# chi-square test (χ2)

* the fundamental of the chi-square test (χ2), a statistical method to make the inference about the distribution of a variable or to decide whether there is a relationship exists between two variables of a population. The inference relies on the χ2 distribution curve, dependent upon the number of degrees of freedom d.f.

## Chi-Squared Distribution with different degrees of freedom

<b>Note:</b> The χ2 distribution curve is right-skewed and as the number of degrees of freedom becomes larger, the χ2 curve will more similar to the normal distribution.

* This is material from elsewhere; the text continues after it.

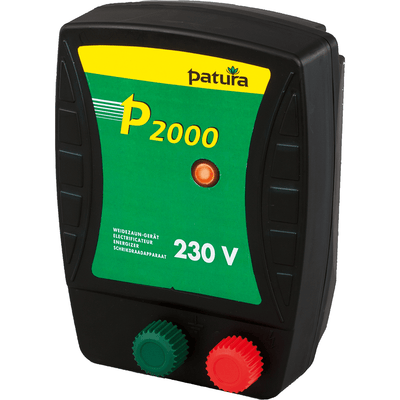 P2000, Weidezaun-Gerät für 230 V Netzanschluss Patura Sanilu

![](https://miro.medium.com/max/720/1*-VtI50wyyTXzOdW2svxR4Q.png)




## χ2 test of Independence

* It is used to decide whether there is a relationship exists between two variables of a population. Useful when analyzing survey results of 2 categorical variables.

### null and alternate hypothesis 

* H₀: The two categorical variables have no relationship
* H₁: There is a relationship between two categorical variables

Note: The number of degrees of freedom of the χ2 independence test statistics:
d.f. = (# rows -1) *(#columns-1)

## Test Statistic of chi_sqaured test
* below is the contingency table for the two variables X1 and X2 
* R1,R2 .... Rr are r categories in variable X1.
* c1,c2 .... cc are c categories in variable X2.
* O11,O21,O31.... Or1 are occurance of category C1 when R1,R2....Rr occurs.
* similarly O1c,O2c,O3c...Orc are occurance of category Cc when R1,R2....Rr occurs.
* C1 Total, C2 Total , C3 Total ..... CC Total are total occurances of C1,C2....Cc respectively.
* R1 Total, R2 Total , CR3 Total ..... Rr Total are total occurances of R1,R2....Rr respectively.
* Grand Total summ of C1-Cr totals + R1-Rr totals

![](https://miro.medium.com/max/720/1*dFFtBknV9CEZ3ioHBmyi-Q.png)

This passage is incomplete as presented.